++++ The input ++++
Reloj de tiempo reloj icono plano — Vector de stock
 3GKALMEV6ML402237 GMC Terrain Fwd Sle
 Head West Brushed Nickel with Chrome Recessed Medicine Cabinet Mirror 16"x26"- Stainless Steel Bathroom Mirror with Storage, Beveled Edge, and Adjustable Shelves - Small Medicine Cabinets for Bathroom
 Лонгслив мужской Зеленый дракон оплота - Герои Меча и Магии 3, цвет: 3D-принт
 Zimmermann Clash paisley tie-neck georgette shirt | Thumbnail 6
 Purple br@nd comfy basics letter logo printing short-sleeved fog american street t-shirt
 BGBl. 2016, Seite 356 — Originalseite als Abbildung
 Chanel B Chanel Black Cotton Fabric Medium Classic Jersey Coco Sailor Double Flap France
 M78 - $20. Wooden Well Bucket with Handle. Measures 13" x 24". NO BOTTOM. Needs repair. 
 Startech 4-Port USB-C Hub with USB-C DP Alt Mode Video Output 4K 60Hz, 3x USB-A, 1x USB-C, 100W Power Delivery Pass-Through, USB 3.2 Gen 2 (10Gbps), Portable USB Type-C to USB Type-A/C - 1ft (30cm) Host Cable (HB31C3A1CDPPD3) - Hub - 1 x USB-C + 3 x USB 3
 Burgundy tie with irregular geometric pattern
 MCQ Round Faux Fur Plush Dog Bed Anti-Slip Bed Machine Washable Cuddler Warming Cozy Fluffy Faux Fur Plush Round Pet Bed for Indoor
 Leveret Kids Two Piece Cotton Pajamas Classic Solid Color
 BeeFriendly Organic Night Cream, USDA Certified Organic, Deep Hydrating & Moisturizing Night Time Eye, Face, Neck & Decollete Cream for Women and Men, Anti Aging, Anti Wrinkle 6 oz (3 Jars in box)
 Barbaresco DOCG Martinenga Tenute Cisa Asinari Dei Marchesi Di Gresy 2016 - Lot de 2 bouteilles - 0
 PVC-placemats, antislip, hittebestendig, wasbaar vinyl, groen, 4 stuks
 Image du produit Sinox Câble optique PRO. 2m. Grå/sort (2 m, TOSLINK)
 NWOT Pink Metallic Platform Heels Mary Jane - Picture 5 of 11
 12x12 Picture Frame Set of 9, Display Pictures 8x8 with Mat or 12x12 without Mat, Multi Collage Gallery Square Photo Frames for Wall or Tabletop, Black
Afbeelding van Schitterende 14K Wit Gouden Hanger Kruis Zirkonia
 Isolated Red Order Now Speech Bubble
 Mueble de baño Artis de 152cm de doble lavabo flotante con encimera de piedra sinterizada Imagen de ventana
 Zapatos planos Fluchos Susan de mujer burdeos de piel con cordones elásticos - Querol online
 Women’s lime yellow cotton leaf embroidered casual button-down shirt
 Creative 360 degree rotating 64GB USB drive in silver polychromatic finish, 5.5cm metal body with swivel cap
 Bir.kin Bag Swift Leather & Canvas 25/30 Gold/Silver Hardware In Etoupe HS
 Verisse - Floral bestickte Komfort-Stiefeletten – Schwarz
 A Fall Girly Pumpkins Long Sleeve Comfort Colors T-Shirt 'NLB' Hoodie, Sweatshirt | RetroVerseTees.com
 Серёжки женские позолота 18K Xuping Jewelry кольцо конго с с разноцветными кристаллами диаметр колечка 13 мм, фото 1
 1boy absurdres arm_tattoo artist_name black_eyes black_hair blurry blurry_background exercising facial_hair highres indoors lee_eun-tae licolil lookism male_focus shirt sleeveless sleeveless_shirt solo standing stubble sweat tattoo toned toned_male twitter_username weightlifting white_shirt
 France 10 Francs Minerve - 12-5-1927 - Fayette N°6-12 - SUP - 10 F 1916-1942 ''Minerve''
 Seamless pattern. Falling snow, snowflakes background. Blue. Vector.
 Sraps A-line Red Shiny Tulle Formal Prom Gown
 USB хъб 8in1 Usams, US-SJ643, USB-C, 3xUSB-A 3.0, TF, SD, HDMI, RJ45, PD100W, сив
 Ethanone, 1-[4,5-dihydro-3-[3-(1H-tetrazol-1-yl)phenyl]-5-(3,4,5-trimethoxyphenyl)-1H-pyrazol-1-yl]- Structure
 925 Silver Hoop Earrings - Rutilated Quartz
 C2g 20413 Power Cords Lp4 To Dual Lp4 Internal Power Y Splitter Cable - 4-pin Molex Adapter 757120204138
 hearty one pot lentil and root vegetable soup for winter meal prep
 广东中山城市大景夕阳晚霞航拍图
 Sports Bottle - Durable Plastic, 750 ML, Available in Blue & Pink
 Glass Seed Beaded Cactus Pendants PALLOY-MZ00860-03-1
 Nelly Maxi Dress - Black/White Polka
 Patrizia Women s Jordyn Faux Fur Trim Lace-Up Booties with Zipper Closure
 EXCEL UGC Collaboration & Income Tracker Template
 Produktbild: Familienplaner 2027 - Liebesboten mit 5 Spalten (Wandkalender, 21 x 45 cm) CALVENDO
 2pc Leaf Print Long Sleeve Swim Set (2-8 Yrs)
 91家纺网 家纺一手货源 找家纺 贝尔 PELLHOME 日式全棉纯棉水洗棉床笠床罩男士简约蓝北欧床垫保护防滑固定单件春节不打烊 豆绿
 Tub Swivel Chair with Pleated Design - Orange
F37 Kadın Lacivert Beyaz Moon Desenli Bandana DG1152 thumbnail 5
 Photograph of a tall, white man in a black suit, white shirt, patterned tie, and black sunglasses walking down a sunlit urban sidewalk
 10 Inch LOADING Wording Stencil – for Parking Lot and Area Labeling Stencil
++++
* [What is needed]: Your task is to reproduce the entries exactly, starting at the first line and ending with the line containing "3GKALMEV6ML402237 GMC Terrain Fwd Sle".

* [Answer to the exercise]:
Reloj de tiempo reloj icono plano — Vector de stock
 3GKALMEV6ML402237 GMC Terrain Fwd Sle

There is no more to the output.